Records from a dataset
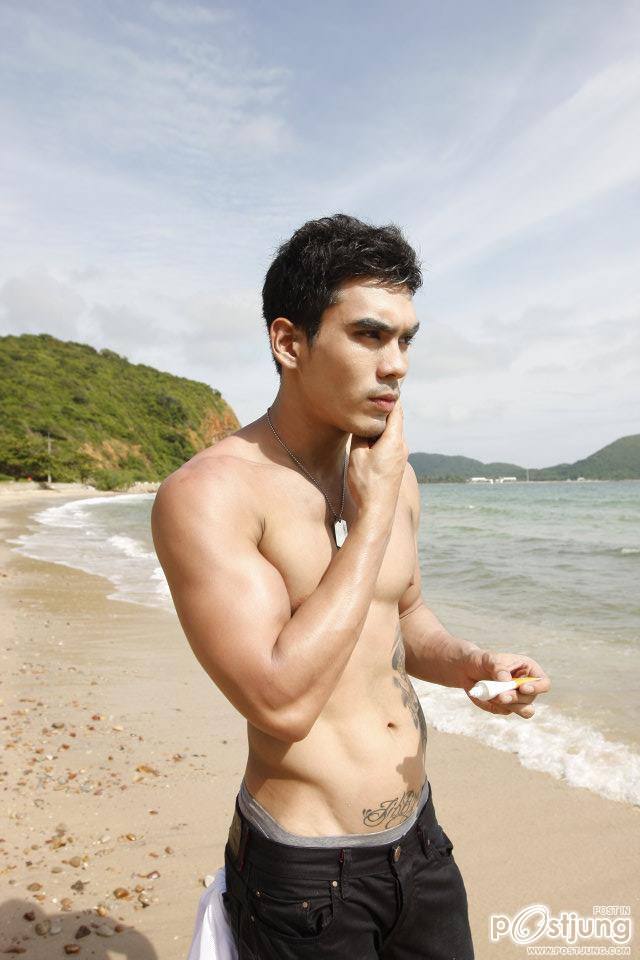Men Hfash โชว์กลางหาด2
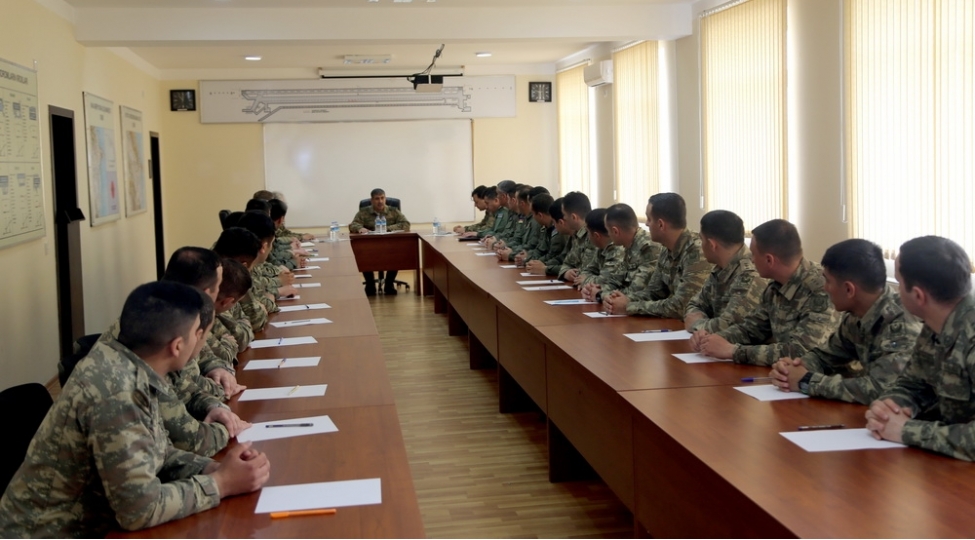 mudafie-naziri-hhq-nin-telim-meshq-merkezinin-achilishinda-ishtirak-edib-video-foto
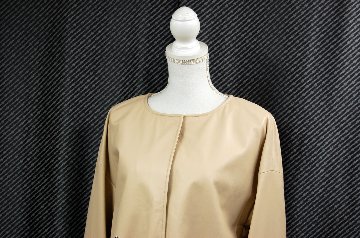 ラムレザー　刺しゅう入りオーバーサイズジャケットの画像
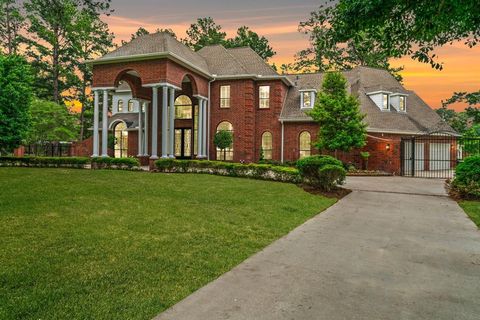 Single Family Residence in Tomball TX 12719 Wondering Forest Drive.jpg
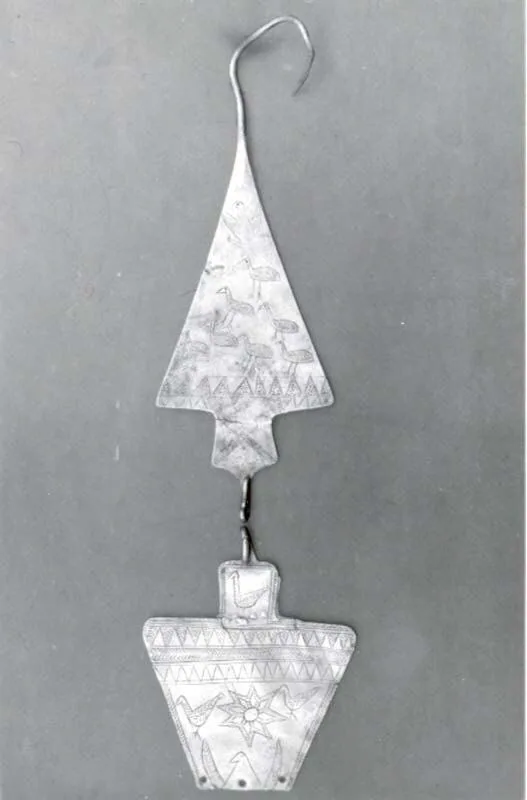 Pin fragment — تصویر رکورد موزهٔ متروپولیتن (دسترسی آزاد)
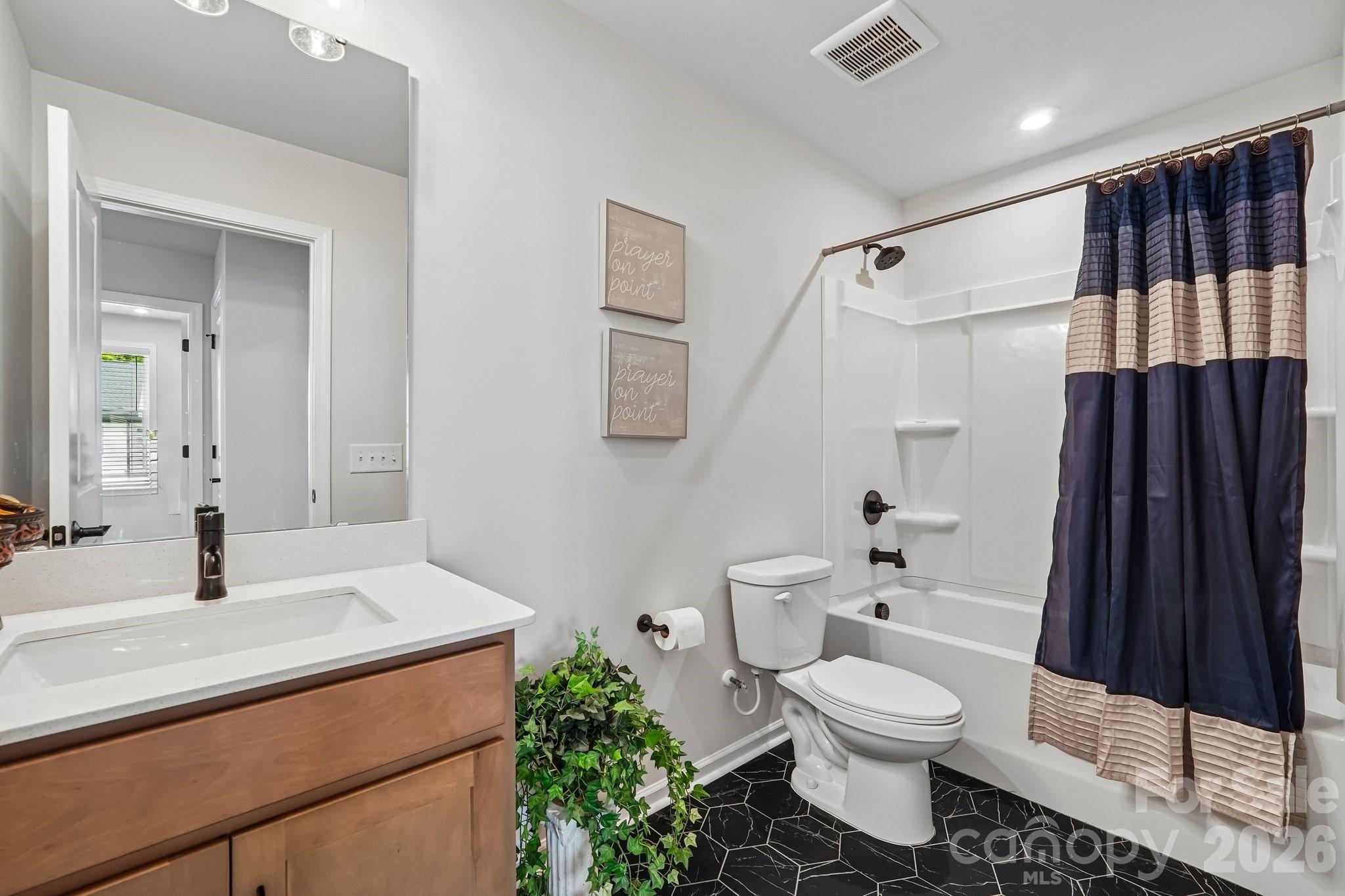8137 Franklin Trail Street Charlotte NC 28227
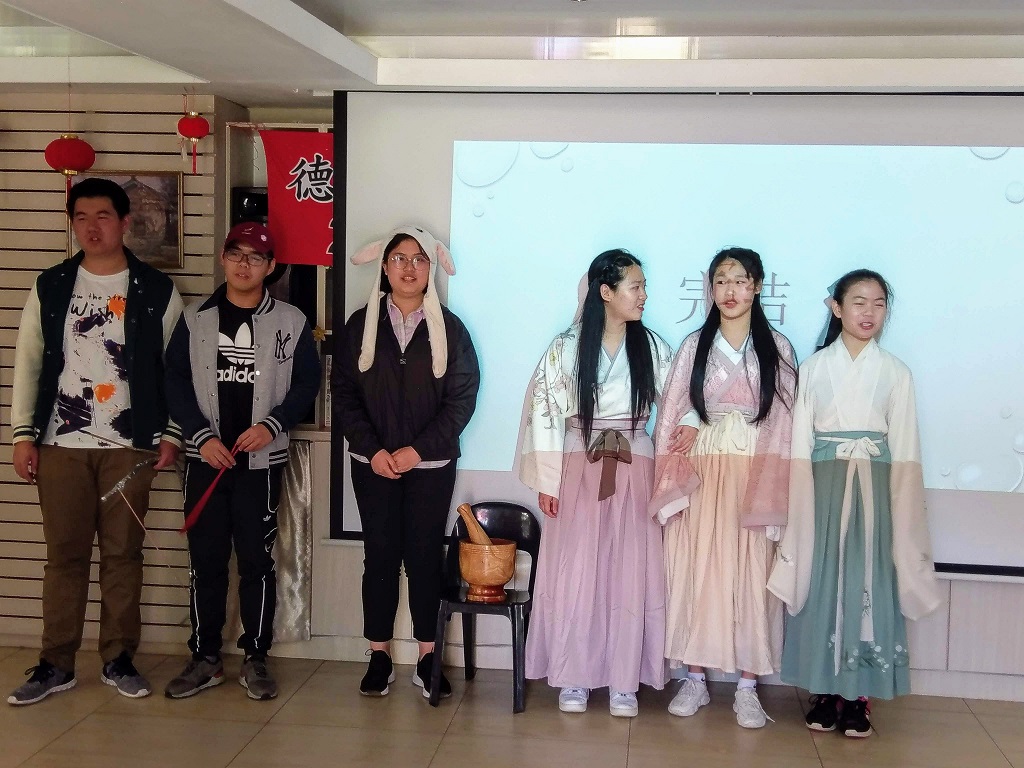 中學部表演嫦娥奔月故事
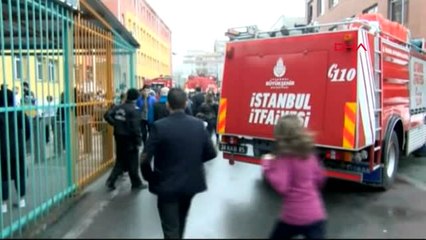 Zeytinburnu'nda Okulda Yangın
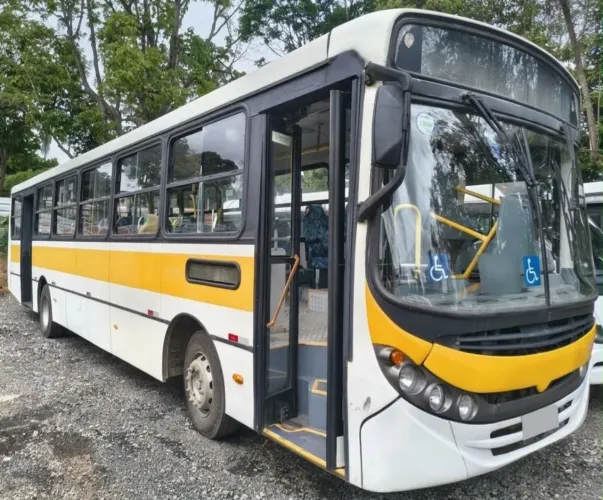 Ônibus urbano Mercedes 2010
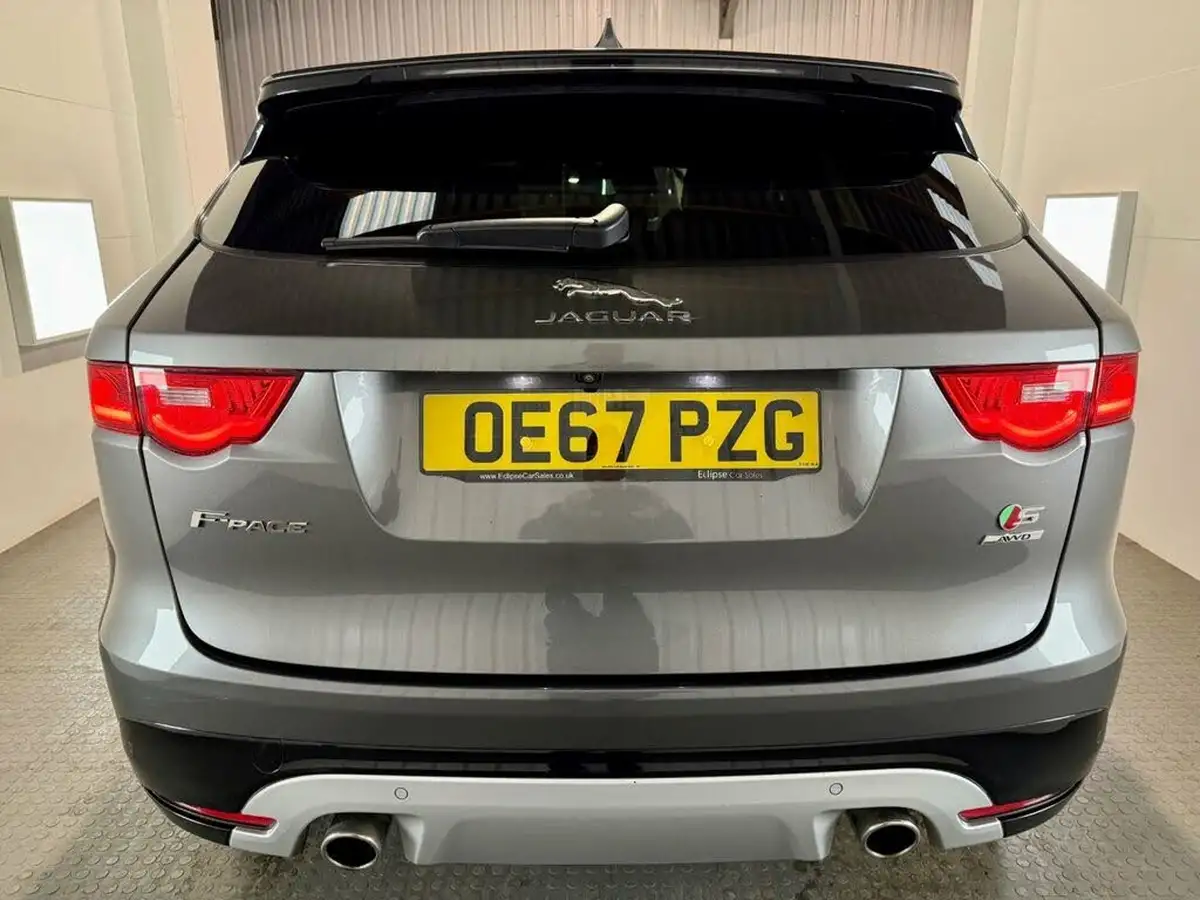 2017-jaguar-f-pace-30td-s-ss-big-5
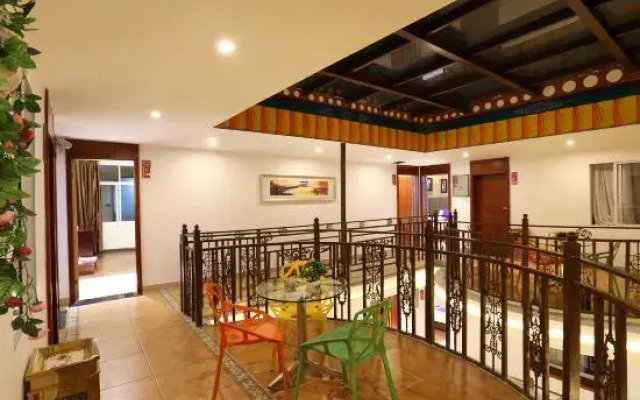 Here Inn (Siguniangshan Changpinggou Scenic Area)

Exercise objective — The required output is every line from the one containing "Single Family Residence" through the last line of the records, inclusive, reproduced exactly and without pictures.

Solution for this exercise —
 Single Family Residence in Tomball TX 12719 Wondering Forest Drive.jpg
 Pin fragment — تصویر رکورد موزهٔ متروپولیتن (دسترسی آزاد)
8137 Franklin Trail Street Charlotte NC 28227
 中學部表演嫦娥奔月故事
 Zeytinburnu'nda Okulda Yangın
 Ônibus urbano Mercedes 2010
 2017-jaguar-f-pace-30td-s-ss-big-5
 Here Inn (Siguniangshan Changpinggou Scenic Area)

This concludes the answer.